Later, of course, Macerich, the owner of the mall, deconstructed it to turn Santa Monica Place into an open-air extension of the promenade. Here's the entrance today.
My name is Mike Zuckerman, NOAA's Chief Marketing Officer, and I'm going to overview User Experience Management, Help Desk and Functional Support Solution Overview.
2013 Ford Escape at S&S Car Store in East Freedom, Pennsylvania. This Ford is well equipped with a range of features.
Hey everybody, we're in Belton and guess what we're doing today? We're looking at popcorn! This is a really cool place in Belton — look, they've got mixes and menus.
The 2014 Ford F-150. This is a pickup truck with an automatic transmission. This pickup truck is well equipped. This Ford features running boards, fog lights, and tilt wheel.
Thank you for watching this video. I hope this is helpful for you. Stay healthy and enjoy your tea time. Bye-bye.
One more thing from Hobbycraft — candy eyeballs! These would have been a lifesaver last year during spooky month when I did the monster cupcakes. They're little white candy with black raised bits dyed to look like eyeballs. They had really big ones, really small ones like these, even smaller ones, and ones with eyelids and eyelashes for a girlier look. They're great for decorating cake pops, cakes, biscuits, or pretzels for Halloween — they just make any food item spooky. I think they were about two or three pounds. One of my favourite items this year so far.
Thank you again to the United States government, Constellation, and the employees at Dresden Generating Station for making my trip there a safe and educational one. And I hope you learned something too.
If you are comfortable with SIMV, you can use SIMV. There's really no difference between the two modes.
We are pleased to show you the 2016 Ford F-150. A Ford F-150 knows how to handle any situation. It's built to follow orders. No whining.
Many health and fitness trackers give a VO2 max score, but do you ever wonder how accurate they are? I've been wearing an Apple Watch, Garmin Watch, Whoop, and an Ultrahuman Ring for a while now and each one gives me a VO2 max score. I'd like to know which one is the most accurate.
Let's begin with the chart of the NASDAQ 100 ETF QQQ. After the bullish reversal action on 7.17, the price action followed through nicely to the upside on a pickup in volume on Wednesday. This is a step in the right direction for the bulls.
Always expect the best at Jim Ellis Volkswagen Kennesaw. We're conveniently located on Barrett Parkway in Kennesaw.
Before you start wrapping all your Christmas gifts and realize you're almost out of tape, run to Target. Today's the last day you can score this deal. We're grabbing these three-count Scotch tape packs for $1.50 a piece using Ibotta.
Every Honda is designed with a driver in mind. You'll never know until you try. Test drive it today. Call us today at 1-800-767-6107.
- - - - - - -
→ **EXERCISE REQUIREMENTS**
Which lines above contain the word "well"? List them.

→ **WORKED SOLUTION**
2013 Ford Escape at S&S Car Store in East Freedom, Pennsylvania. This Ford is well equipped with a range of features.
The 2014 Ford F-150. This is a pickup truck with an automatic transmission. This pickup truck is well equipped. This Ford features running boards, fog lights, and tilt wheel.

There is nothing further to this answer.